A sign at Hermitage Point shows that you are 4.4 miles from Colter Bay if you retrace your steps or 4.8 miles if you follow the eastern half of the loop. Unless you’re in a hurry, take the eastern half of the loop.

You’re 2.2 miles from the next junction. After about a half mile from Hermitage Point, you’ll come to a backcountry campsite. I’ve never camped there, but this would be a great place to spend the night. Once you pass the campsite area, you’ll climb a modest hill.

From this area of the hike, you will be able to look to the east and, intermittently, see the Willow Flats and Jackson Lake Lodge, including its enormous viewing windows. Once the trail leaves the shores of Jackson Lake, about two miles from Hermitage Point, you will look out over Third Creek, Second Creek and Pilgrim Creek. This is another great area to watch for birds – I saw another bald eagle flying through the area on my last trip and other birds in the creeks.

2.2 miles from Hermitage Point, you will come to a junction where you can go west for 0.4 miles and rejoin the western half of the loop. Continue straight here. Over the next 0.7 miles before the next junction, the trail skirts Third Creek, which gives you a view of yet another ecological zone on this hike. This is another great area to watch for mammals.

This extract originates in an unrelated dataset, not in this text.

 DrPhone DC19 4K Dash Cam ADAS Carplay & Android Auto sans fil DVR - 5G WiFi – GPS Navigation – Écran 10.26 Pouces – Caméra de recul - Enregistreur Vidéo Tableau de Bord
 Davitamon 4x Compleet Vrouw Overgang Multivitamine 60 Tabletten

After 0.7 miles, you will come to another junction. You will have the option of going straight north or turning west. A bridge to the north used to allow a larger loop option, but the bridge is out. You could also continue north and hike to Jackson Lake Lodge; from this junction, you are 4.5 miles away. Since the bridge is out, you need to turn west here unless you want to take a very long detour to the east. After 0.5 miles, you’ll come to the five-way junction at the south end of Heron Pond. Again, you can rejoin the western portion of the Hermitage Point for the fastest route to the trailhead. However, if you turn northeast, which will be the first trail to your right at this five-way junction, you hike to Swan Lake, which adds only nominal distance to your trip.

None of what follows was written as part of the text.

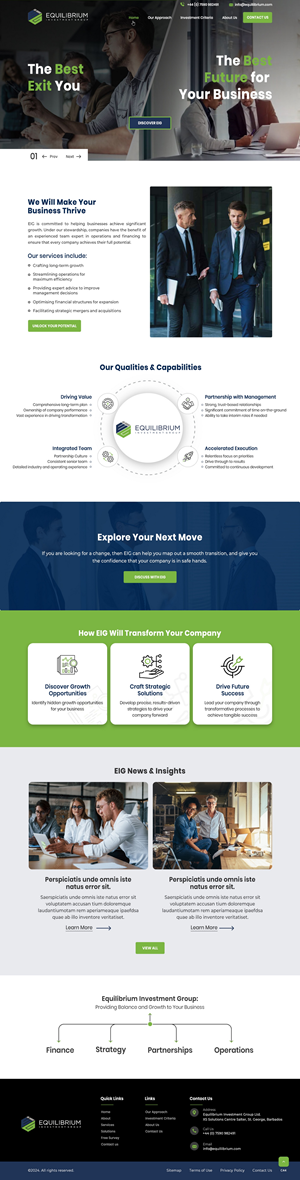 Web Design by pb for Ergo Digital Limited | Design: #32703586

After a few minutes, watch for Swan Lake. The trail skirts the western shore fairly closely, but it’s easy to miss the lake through the trees. You have to leave the main trail to get to the shore. This is another great place to watch for birds and mammals.

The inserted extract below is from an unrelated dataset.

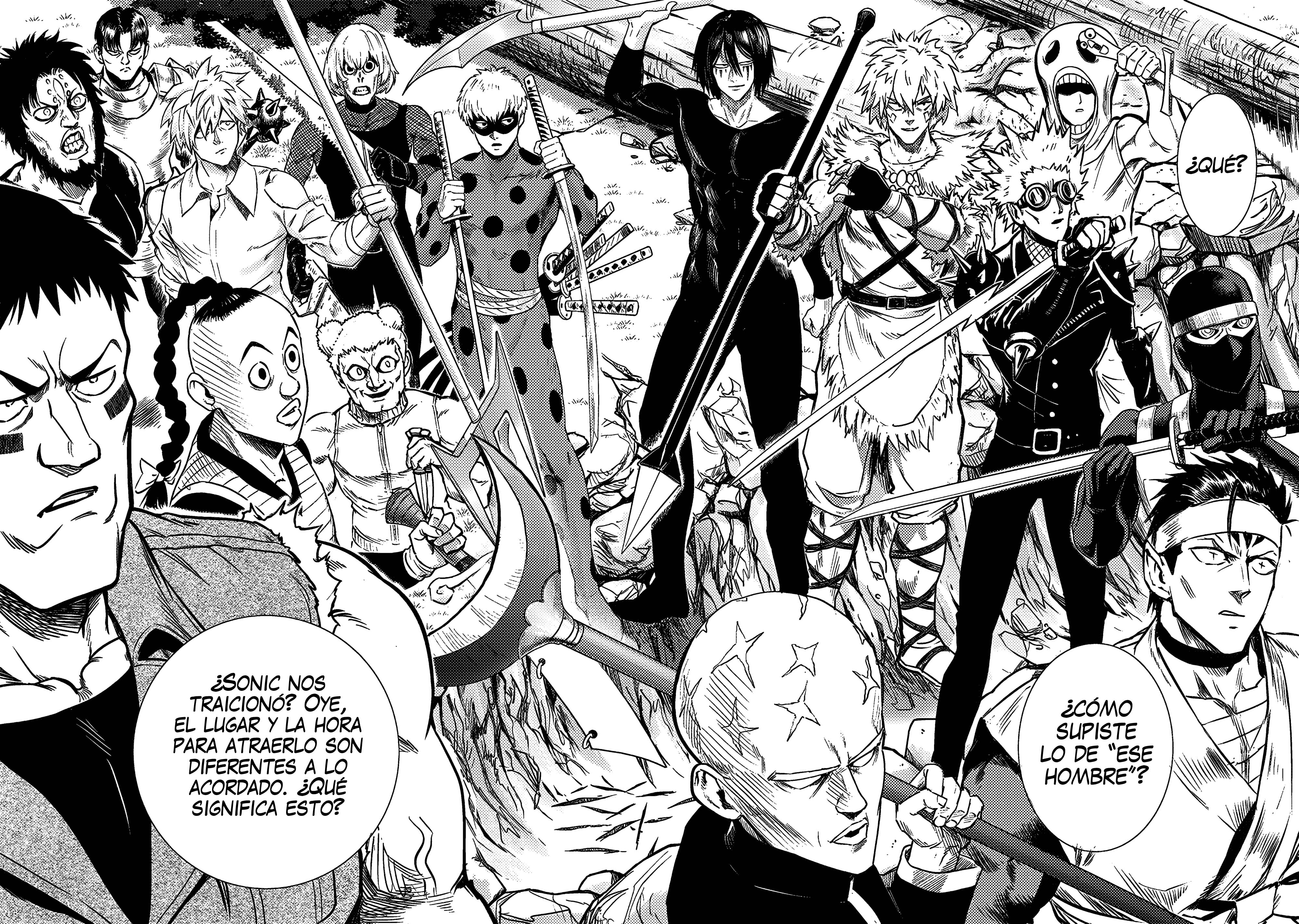 Read One Punch-Man ES Manga Online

And from here, you’re almost back to the trailhead. After you leave the shores of Swan Lake, continue along the trail for a few minutes back to the shores of Colter Bay. You’ll pass one junction along the way. Once you get back to the trail above the shore, you’re only 0.4 miles from the trailhead. On your way out, enjoy again the views of the Teton Range rising behind Jackson Lake.

Trail conditions: I hiked to Hermitage Point on June 7. The trail was clear of snow, although there were a few small piles scattered around the area – and some snow remained around the Colter Bay parking lot.